Excerpted records START

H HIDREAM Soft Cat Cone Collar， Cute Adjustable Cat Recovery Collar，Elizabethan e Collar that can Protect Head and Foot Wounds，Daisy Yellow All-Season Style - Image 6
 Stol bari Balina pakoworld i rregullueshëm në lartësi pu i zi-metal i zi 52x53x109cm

Excerpted records END
Excerpted records START

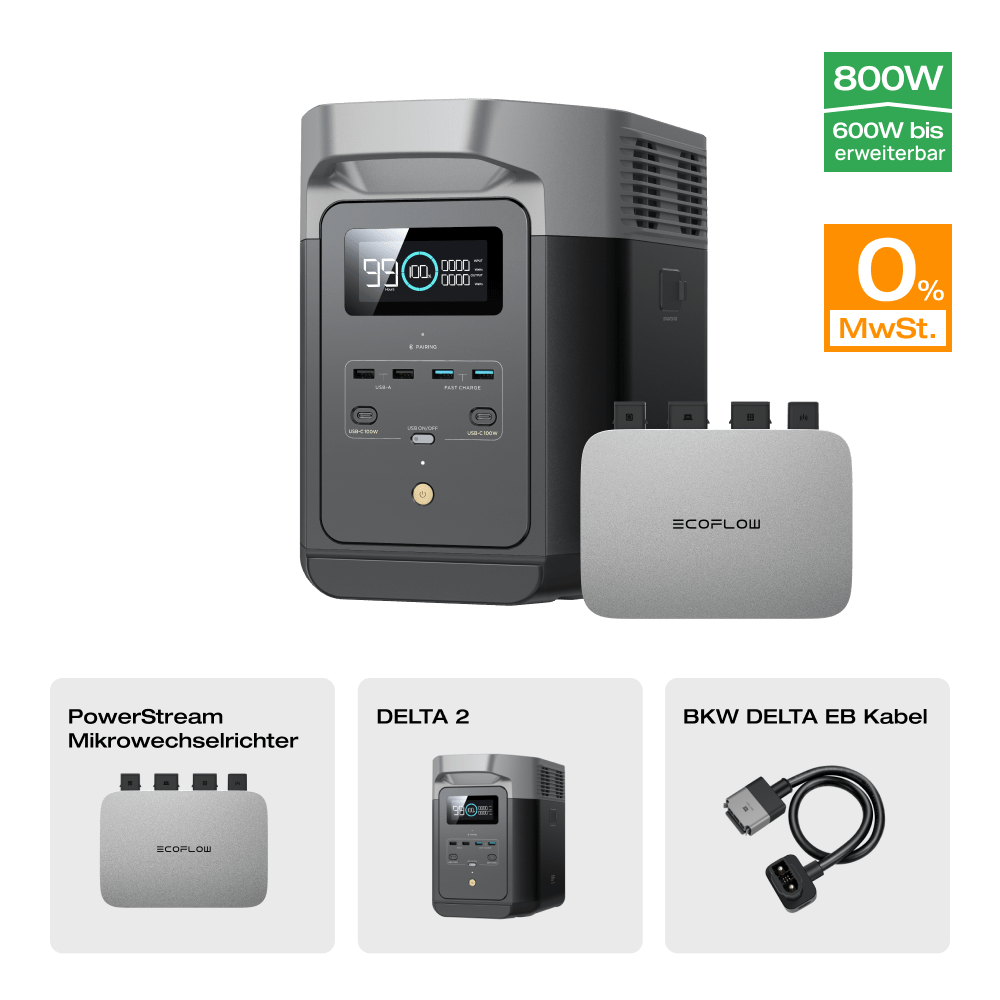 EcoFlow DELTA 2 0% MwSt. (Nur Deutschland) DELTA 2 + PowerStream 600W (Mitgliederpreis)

Excerpted records END
Excerpted records START

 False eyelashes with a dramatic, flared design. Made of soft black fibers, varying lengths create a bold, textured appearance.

Excerpted records END

[Exercise details]: Take the line above containing "H HIDREAM Soft", the line containing "Stol bari Balina", and all lines in between, and copy them exactly without anything else.

[Reply to the exercise]:
H HIDREAM Soft Cat Cone Collar， Cute Adjustable Cat Recovery Collar，Elizabethan e Collar that can Protect Head and Foot Wounds，Daisy Yellow All-Season Style - Image 6
 Stol bari Balina pakoworld i rregullueshëm në lartësi pu i zi-metal i zi 52x53x109cm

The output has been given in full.